For my first ethnographic analysis I decided to head to a location where I could observe all types of people in just one area: people who were working, playing, eating, and shopping. That’s right, I took field notes in an all-American shopping mall. Being a place I go on a monthly basis, I was not expecting to notice much out of the ordinary, but my field notes surprised me by revealing a truth I had never yet noticed.
The nice thing about observing people in a mall is that one has access to men, women, children, and elderly of all ages and ethnicities. The event is a fairly typically one for most people. Whether they are just killing time there out of boredom or if they are shopping for the perfect outfit for tomorrow’s big party, the mall is a place that people come to somewhat frequently. Some people came with friends while others went solo. It seemed that more often, people with friends were there to window shop and “hang out” while the people who were alone were more likely to walk out of whichever store with a bag.
The reasons people found themselves at the mall also depended on their age and gender. Ethnicity did not seem particularly relevant to this event, although people of all ethnicities were represented in the single location. I was surprised by how many elderly people were there. And what was even weirder was that they were there for polar opposite reasons. Many of the elderly positioned themselves in the seating areas and sat there with blank expressions for long periods of time. But those who were not sitting vacantly were actively speed-walking around the premise, never going into stores but doing it purely for the exercise. The fact that there was no in between these things was strange to me, but the peculiarities did not stop there.
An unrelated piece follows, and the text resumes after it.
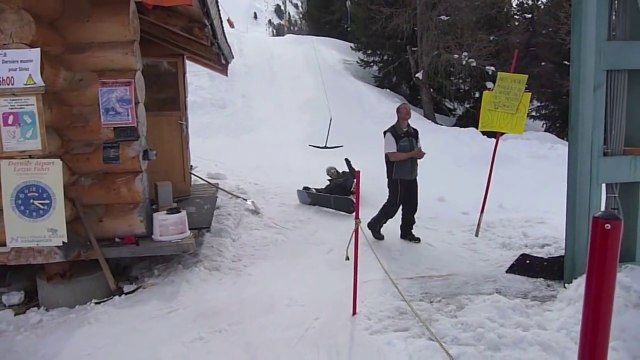 Il se vautre en snowboard au tire fesses plusieurs fois !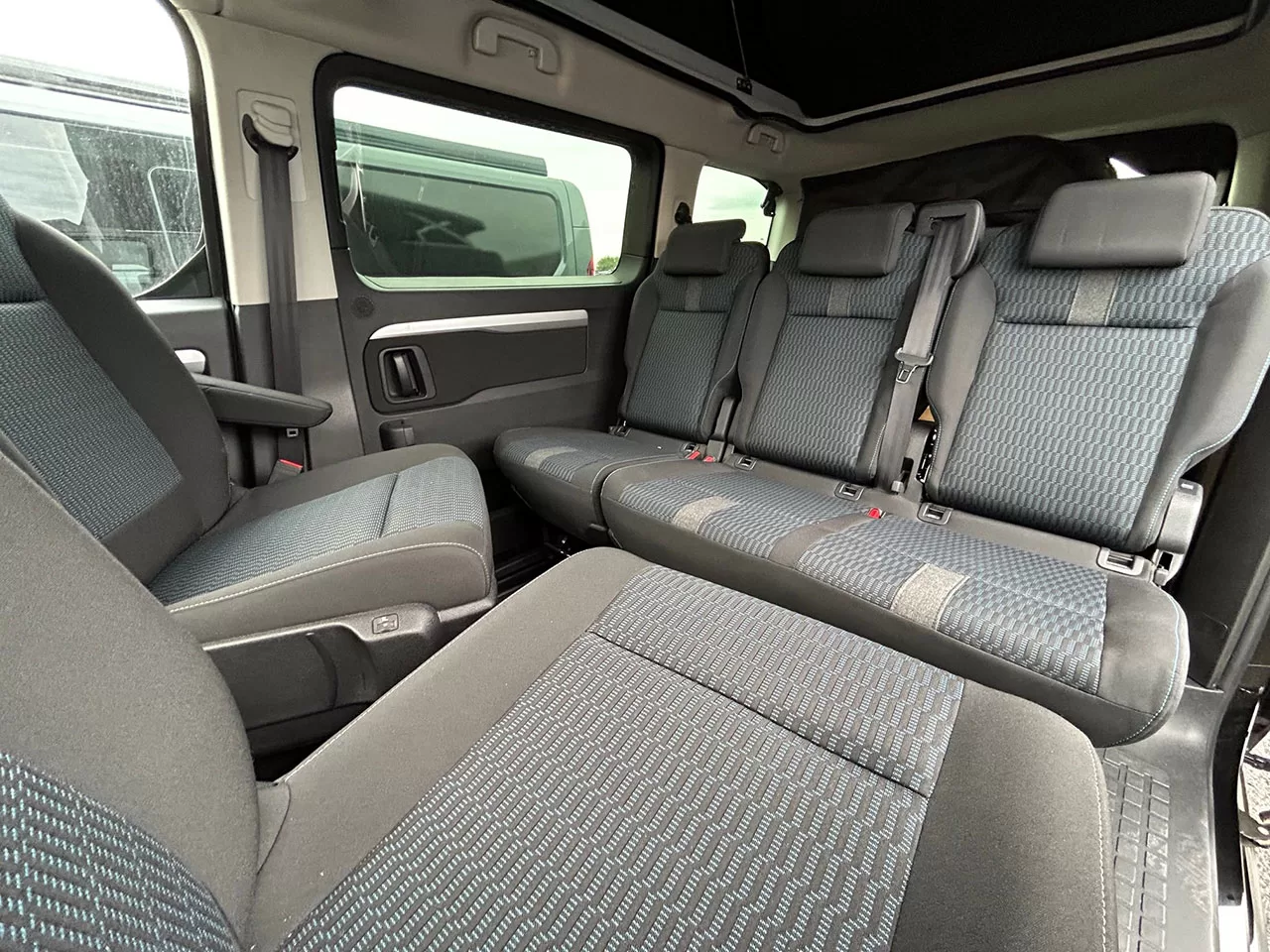 Materasso ad aria per sedili posteriori: Il massimo comfort per i viaggi in  auto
The people most inclined to shop were women from the ages of 13 to 50, I’d say. The younger the women, the more likely it seemed that they would be in a group. Occasionally there would be men shopping along with the women, but I noticed that most often, if a man and woman came to the mall together, the man would usually (similar to the elderly) sit down in one of the scarce chairs in a store and stare vacantly until the woman finished shopping. Oftentimes, the women shopping brought their children with them. Children occupied themselves by climbing on and hiding in racks of clothes or they would play in the conveniently located, giant play area in the middle of the mall. Children typically seemed happy and in my time observing there were no visible or audible meltdowns.
Based on my observations, I noticed a larger problem that intrigued me. Women and children were the most satisfied consumers in the shopping mall while the elderly and men seemed to be much less enthusiastic about their situation. This was surprising to me because this society is largely patriarchal and values the elderly by pouring billions of tax dollars into their care every year. So why is it that one of the largest meeting grounds for Americans caters mainly to women and children?
American women have historically been the “shoppers” in the family, so when malls first came around in society this layout would have made sense. But as the lines between gender norms in America are blurred, it seems that locations like these are not able to keep up. This society seems to be unaccommodating to several types of people such as the more progressive families where the women go off to work and the men do chores such as shopping and caring for the children. It also seems as if there aren’t many options for the less active elderly, outside of sitting and not doing much of anything. It would be interesting to know exactly how the subjects felt about the event, but based on their facial expressions, most men and most elders were apathetic and/or bored. Women appeared to enjoy spending their money on clothes and shoes and the children liked eating fun snacks and playing hide and seek in the clothing racks. Although the mall attracted all kinds of people, only certain kinds enjoyed their time there.